Goldman was pretty good at the shell game. December 2008 was going to be a horrific month for the company; it was going drag down its fourth quarter earnings. So what did Goldman do? It changed its fiscal year — which effectively allowed it to omit December’s earnings (losses). Merrill Lynch also pulled the same stunt. December never happened. (Picture of Goldman’s CEO and COO from Vanity Fair - also nice article here.)
Lehman Brothers pulled a slight variation of the shell game. During the bleakest quarters heading into the company’s ultimate demise, it executed some crazy off-balance sheet transactions (Repo 105) days before it would have to report — effectively hiding tens of billions of dollars in non-performing assets. After the reporting period, the company would reverse the transaction. A nice summary of Lehman’s shell game can be found here.
My managing editor at StreetAuthority was working on an article that was going to feature me. In it, he wrote about my frugality. Any one that knows me, knows I’m not wasteful when it comes to money. I remember when I first told Jen Leo I was taking the job with SA, her first response was, “Why are you getting a job? You never buy anything.”
It’s true that I have only ever bought used cars for cash — and then generally owned them for another ten years. I just can’t make myself spend a lot of money on a depreciating asset. I buy my jeans at second hand stores. It’s good for the local economy, the environment, and my pocket book. And I don’t fill up my gas tank unless I’m sure gasoline prices are about to rise. I watch the energy futures more closely than OPEC.
Recently, I had the control panel of my wall oven repaired, rather than spend three times as much on a new part (which was difficult to find in stock) or twelve times as much for a new oven. By the way, I totally recommend FixYourBoard.com. They not only replaced the broken elements in the control panel, they replaced known failure-prone elements and resoldered the entire board. They also guaranteed the part for two years — that’s twice as long as the manufacturer’s guarantee.

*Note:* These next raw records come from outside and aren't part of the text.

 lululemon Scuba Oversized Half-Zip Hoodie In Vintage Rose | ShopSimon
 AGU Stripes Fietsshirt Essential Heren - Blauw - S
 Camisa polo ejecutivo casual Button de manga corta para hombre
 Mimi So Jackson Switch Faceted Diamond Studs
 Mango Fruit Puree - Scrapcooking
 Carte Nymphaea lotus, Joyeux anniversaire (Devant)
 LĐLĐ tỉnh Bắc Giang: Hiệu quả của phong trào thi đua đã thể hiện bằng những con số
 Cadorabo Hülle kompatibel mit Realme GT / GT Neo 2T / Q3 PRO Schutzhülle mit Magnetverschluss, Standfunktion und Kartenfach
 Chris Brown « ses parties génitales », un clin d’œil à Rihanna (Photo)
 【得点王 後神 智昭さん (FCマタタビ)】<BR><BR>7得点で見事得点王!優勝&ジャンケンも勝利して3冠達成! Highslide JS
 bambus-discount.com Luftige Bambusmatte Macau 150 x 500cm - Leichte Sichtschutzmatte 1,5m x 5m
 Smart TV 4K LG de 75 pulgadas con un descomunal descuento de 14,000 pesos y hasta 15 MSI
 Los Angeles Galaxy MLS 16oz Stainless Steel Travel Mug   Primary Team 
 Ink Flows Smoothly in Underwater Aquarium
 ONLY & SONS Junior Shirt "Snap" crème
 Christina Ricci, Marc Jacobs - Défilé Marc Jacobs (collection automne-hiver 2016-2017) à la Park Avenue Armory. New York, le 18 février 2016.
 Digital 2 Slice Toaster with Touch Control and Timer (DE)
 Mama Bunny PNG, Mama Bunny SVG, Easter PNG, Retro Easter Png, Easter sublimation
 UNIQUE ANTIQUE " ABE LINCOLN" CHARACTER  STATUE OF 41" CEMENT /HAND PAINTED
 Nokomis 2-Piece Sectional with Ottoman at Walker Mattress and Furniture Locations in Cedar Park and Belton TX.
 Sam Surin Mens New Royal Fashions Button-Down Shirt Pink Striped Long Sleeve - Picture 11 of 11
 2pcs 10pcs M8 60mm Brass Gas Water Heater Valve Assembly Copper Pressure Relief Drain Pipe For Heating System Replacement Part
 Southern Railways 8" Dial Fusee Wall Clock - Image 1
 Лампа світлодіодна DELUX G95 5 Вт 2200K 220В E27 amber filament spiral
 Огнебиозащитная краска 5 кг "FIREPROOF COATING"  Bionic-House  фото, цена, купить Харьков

But contrary to Jen’s assertion, I do buy things I need or truly want. I bought a beautiful new Samsung refrigerator. Granted, my old refrigerator was 20 years old. And I did buy it during a 20% off sale. I also recently bought a Bose® SoundDock® Series II digital music system for iPod® - Silver. Although I did buy it on sale and also used an Amazon gift card.
Yesterday, I paid $5/pound more for fresh caught salmon than for farm raised salmon. I also paid about $2/pound more for bison meat rather than buying ground beef. I did pass on the $21.99/pound goat cheese. But the cheese from the Pure Luck Farm and Dairy is well worth it. Two weeks ago when I was at Central Market, they didn’t have any of Pure Luck’s products on the shelves. There was only a sign that read, “We are feeding the kids right now. We’ll be back soon.” So I guess the new kids (pictured) are weaned — which means spring is here.
Apparently the boss nixed the article that mentioned my frugal ways. He told the editor my lifestyle might give people the impression I was something of “a loser.” Maybe he never read The Millionaire Next Door. I mean I know he is only watching out for me. Not everyone understands the frugal thing. But c’mon. All twelve of my Stock of the Month portfolio holdings - a real money portfolio funded by SA - are up. Some of them are up north of 40%. And my three closed positions all booked more than 50% annualized returns. Of course, I’ve been working with a particularly co-operative market. And every good poker player knows a good streak involves some level of luck.
Maybe I should be living a Bernie Madoff or Gordon Gekko lifestyle. Or maybe I should be playing some sophisticated shell game that bankrupts countries and companies. Maybe then, I wouldn’t be such a loser.